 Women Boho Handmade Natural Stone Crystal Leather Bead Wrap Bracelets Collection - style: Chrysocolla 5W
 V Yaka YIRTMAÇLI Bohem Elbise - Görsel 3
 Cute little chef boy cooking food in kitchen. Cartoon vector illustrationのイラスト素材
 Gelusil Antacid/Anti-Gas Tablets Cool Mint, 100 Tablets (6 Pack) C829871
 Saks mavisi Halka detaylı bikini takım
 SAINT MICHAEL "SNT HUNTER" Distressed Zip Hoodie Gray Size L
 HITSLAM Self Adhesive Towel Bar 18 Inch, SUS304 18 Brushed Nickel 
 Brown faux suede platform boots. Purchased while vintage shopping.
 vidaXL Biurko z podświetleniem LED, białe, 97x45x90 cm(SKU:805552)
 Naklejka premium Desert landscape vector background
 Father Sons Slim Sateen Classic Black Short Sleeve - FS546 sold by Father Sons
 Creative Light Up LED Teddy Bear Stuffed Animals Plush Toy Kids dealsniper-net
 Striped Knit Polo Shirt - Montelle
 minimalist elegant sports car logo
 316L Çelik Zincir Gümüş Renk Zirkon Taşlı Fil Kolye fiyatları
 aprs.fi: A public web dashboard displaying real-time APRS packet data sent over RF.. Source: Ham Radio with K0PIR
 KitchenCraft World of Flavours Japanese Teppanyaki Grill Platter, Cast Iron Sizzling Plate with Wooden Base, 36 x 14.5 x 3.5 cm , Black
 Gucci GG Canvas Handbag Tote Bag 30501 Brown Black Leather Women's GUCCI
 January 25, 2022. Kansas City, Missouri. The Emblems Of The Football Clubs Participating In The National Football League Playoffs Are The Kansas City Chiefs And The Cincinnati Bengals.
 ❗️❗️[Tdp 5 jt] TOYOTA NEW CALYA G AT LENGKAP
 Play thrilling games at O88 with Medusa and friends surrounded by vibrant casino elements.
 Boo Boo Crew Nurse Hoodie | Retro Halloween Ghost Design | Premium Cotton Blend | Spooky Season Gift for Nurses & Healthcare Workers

● ● ● ●

- PROMPT
Produce the material above again, word for word.

- RESPONSE FOR THIS EXERCISE
 Women Boho Handmade Natural Stone Crystal Leather Bead Wrap Bracelets Collection - style: Chrysocolla 5W
 V Yaka YIRTMAÇLI Bohem Elbise - Görsel 3
 Cute little chef boy cooking food in kitchen. Cartoon vector illustrationのイラスト素材
 Gelusil Antacid/Anti-Gas Tablets Cool Mint, 100 Tablets (6 Pack) C829871
 Saks mavisi Halka detaylı bikini takım
 SAINT MICHAEL "SNT HUNTER" Distressed Zip Hoodie Gray Size L
 HITSLAM Self Adhesive Towel Bar 18 Inch, SUS304 18 Brushed Nickel 
 Brown faux suede platform boots. Purchased while vintage shopping.
 vidaXL Biurko z podświetleniem LED, białe, 97x45x90 cm(SKU:805552)
 Naklejka premium Desert landscape vector background
 Father Sons Slim Sateen Classic Black Short Sleeve - FS546 sold by Father Sons
 Creative Light Up LED Teddy Bear Stuffed Animals Plush Toy Kids dealsniper-net
 Striped Knit Polo Shirt - Montelle
 minimalist elegant sports car logo
 316L Çelik Zincir Gümüş Renk Zirkon Taşlı Fil Kolye fiyatları
 aprs.fi: A public web dashboard displaying real-time APRS packet data sent over RF.. Source: Ham Radio with K0PIR
 KitchenCraft World of Flavours Japanese Teppanyaki Grill Platter, Cast Iron Sizzling Plate with Wooden Base, 36 x 14.5 x 3.5 cm , Black
 Gucci GG Canvas Handbag Tote Bag 30501 Brown Black Leather Women's GUCCI
 January 25, 2022. Kansas City, Missouri. The Emblems Of The Football Clubs Participating In The National Football League Playoffs Are The Kansas City Chiefs And The Cincinnati Bengals.
 ❗️❗️[Tdp 5 jt] TOYOTA NEW CALYA G AT LENGKAP
 Play thrilling games at O88 with Medusa and friends surrounded by vibrant casino elements.
 Boo Boo Crew Nurse Hoodie | Retro Halloween Ghost Design | Premium Cotton Blend | Spooky Season Gift for Nurses & Healthcare Workers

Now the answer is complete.